Four supreme Premier League talents up against each other. All attacking, all English, all harbouring ambitions of being the man to provide that moment of banishing World Cup despair.
Today at Stamford Bridge, it is the pair of close friends who met with England’s Under 15s and share a celebration routine: Morgan Rogers and Cole Palmer. On Tuesday night, Rogers goes to the Emirates Stadium where Bukayo Saka and Eberechi Eze await.
A quartet that Thomas Tuchel will surely be taking to North America next summer, all battling for similar spots and all with their own stories of how a place on that plane is deserved.
Saka, the beacon of Arsenal’s academy, on track to becoming a one-club man. Eze, rejected by the Gunners as a kid and a slow burner in the EFL. Palmer, rightfully impatient at Manchester City and a big-money transfer.
And then there is Rogers, whose stunning brace against his mum Deborah’s beloved Manchester United last weekend – twice finding the far corner with powerful curl from the left edge of the box – took him to double figures for goal contributions in the Premier League this season. The first Englishman to manage that, with Phil Foden one behind.
Morgan Rogers has become the boy wonder of English football at Aston Villa
His copycat double against Manchester United last weekend took him into double figures this season for goals and assists in the Premier League
Eberechi Eze (left), Cole Palmer (second right) and Rogers (right) will face off over the next few days, all pushing for England places having all made very different journeys to the top
The Rogers path is different still.
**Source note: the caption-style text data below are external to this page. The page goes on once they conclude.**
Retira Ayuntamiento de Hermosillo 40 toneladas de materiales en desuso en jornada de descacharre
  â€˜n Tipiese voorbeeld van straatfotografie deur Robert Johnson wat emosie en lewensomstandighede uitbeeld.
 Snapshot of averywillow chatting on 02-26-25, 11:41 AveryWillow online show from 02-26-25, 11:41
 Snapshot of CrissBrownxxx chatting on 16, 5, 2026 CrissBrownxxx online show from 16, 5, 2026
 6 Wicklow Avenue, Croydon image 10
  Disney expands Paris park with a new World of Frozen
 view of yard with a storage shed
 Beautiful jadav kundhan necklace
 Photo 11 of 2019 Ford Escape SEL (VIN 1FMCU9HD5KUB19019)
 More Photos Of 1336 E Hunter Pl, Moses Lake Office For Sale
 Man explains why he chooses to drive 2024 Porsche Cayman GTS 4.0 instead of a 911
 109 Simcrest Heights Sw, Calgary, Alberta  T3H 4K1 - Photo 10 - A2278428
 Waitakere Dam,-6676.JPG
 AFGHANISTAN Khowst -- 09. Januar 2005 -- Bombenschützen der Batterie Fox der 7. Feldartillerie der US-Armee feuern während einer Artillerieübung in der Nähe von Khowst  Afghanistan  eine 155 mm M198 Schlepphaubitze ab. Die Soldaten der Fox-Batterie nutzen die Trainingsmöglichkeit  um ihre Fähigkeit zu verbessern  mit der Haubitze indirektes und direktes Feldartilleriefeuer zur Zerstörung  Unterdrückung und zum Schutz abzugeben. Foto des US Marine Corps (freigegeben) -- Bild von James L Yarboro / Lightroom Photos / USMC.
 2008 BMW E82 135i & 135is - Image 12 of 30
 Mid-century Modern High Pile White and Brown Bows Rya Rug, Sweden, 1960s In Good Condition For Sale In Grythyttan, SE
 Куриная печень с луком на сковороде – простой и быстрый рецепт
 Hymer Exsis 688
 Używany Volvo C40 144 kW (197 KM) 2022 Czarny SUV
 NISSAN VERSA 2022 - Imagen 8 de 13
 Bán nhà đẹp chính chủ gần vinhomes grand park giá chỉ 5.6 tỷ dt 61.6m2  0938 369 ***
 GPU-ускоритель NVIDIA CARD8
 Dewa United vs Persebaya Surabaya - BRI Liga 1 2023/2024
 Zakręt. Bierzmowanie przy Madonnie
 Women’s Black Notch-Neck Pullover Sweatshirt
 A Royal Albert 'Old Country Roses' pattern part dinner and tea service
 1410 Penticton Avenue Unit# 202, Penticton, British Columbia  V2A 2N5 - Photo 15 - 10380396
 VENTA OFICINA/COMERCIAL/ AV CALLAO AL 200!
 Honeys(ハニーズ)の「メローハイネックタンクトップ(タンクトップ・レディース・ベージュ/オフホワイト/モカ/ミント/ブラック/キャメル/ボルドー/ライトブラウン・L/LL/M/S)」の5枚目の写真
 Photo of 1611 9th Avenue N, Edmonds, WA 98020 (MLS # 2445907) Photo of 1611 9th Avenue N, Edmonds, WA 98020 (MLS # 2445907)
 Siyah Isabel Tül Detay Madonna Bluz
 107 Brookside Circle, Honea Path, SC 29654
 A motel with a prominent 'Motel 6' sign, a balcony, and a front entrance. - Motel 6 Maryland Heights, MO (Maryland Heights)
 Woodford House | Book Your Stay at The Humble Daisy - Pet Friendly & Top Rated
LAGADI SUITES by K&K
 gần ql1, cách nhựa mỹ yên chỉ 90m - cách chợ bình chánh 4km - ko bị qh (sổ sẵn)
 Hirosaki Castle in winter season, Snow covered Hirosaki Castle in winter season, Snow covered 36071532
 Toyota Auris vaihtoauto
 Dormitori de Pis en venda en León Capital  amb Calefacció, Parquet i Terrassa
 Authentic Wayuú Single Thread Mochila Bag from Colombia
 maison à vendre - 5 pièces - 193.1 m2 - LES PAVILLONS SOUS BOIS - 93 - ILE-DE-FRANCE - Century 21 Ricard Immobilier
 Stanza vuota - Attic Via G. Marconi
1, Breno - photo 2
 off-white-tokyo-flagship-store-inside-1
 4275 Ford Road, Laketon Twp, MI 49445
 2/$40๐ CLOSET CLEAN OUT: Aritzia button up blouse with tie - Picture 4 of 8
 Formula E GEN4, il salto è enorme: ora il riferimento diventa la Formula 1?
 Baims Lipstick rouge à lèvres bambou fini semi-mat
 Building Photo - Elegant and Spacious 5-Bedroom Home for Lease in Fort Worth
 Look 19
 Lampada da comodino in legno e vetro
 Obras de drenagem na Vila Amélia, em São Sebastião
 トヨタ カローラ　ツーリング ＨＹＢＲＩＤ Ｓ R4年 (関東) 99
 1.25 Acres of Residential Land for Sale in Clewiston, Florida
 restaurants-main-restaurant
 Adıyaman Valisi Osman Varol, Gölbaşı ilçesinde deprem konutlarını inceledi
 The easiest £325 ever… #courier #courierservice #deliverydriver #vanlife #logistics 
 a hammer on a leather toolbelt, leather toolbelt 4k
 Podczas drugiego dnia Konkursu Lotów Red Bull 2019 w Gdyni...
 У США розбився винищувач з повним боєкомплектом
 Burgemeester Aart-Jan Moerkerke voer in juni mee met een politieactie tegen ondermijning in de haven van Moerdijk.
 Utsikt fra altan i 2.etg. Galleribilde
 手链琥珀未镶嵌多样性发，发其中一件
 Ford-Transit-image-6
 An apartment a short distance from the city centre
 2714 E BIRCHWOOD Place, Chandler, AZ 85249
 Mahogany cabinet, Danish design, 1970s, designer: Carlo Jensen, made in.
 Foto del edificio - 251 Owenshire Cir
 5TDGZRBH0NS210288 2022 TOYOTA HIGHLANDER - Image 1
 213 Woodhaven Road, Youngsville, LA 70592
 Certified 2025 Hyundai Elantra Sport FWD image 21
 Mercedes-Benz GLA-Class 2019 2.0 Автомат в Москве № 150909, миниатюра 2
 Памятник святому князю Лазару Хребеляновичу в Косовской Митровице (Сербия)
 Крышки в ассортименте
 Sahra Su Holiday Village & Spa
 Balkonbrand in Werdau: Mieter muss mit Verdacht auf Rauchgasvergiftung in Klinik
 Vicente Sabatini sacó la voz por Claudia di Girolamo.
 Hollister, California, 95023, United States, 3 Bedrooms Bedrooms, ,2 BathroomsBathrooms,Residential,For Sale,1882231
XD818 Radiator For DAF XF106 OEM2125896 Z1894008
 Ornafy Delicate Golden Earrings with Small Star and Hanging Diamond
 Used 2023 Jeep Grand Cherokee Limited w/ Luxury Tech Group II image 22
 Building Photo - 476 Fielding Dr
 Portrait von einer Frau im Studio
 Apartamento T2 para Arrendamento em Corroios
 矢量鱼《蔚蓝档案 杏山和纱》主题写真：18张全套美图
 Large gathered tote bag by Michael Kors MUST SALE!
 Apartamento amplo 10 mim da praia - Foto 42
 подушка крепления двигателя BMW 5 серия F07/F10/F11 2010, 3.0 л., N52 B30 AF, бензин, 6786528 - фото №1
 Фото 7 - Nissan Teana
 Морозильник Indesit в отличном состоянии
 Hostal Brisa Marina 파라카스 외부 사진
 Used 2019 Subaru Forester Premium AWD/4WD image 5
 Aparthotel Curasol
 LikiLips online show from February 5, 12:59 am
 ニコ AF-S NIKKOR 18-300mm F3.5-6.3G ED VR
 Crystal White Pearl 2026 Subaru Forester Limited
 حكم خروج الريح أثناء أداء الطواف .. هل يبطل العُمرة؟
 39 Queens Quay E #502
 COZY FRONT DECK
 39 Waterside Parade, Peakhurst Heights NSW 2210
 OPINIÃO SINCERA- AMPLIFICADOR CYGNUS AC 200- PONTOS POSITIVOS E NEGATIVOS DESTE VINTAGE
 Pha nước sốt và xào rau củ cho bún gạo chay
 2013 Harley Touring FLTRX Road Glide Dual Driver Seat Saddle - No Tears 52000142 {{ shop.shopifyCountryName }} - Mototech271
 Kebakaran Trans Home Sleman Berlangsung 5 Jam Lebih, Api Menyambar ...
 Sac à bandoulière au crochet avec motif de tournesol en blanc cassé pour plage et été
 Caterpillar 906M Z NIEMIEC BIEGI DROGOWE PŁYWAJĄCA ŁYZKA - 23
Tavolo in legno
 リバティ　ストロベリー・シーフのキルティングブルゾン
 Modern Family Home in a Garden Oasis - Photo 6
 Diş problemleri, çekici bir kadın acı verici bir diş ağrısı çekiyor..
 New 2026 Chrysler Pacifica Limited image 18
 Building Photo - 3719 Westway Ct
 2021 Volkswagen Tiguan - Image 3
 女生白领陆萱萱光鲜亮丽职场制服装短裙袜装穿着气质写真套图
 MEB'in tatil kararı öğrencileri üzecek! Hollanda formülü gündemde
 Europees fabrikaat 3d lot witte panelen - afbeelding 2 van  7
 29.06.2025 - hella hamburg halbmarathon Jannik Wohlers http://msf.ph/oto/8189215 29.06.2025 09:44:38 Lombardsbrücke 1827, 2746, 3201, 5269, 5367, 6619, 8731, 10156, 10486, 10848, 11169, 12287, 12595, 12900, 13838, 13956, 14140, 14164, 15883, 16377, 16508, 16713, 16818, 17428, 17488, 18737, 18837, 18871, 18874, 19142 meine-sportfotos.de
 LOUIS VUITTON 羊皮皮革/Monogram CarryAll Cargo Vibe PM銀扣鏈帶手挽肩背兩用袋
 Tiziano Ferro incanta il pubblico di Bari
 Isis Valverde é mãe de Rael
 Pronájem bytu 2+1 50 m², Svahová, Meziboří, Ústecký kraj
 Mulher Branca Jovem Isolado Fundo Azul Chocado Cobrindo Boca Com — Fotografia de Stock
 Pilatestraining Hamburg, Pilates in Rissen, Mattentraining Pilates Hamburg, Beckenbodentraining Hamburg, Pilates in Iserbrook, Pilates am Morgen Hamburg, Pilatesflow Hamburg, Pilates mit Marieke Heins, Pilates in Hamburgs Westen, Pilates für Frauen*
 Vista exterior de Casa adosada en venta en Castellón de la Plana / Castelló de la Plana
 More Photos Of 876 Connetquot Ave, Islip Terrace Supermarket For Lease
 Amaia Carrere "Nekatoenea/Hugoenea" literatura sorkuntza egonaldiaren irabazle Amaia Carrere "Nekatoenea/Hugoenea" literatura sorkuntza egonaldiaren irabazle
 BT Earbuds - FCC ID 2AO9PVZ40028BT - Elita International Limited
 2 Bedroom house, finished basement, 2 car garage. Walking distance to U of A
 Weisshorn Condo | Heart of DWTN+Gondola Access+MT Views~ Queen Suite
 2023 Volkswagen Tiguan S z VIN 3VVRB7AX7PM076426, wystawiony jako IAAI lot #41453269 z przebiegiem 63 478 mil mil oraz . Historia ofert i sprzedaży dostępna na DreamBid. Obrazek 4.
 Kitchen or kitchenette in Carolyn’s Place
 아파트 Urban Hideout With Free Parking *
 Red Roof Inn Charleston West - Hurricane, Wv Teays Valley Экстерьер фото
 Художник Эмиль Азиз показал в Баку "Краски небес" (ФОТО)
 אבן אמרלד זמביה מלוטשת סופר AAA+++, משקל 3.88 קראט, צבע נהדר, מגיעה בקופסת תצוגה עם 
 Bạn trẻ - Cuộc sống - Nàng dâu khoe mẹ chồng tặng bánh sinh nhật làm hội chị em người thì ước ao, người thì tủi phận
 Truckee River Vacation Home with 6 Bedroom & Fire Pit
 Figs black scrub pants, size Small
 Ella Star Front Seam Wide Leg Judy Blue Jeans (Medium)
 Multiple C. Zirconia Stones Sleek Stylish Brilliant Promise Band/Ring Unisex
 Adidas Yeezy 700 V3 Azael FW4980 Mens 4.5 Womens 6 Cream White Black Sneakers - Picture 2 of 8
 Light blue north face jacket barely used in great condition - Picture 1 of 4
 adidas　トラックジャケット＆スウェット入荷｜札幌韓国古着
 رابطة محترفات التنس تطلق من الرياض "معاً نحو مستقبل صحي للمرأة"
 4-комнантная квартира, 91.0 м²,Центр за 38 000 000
One of the most sought-after wingers in the country as a teenager, too good for his age at West Brom. Scouts regularly flooding to the West Midlands, City there on countless occasions from Under 14s onwards. When he and Palmer debuted for England’s age group sides, Rogers took the glory by scoring.
City were so sure of his talent that Rogers was not signed as an academy prospect, instead in the ‘emerging talent’ group – a halfway house between the youth setup and Pep Guardiola’s squad. The plan was first team as quickly as possible.
A deal – difficult to negotiate, according to those around it – rose to £4million. For somebody who had barely turned 17, the figures were enormous. His final appearance for West Brom was netting against City’s Under 18s from the left wing.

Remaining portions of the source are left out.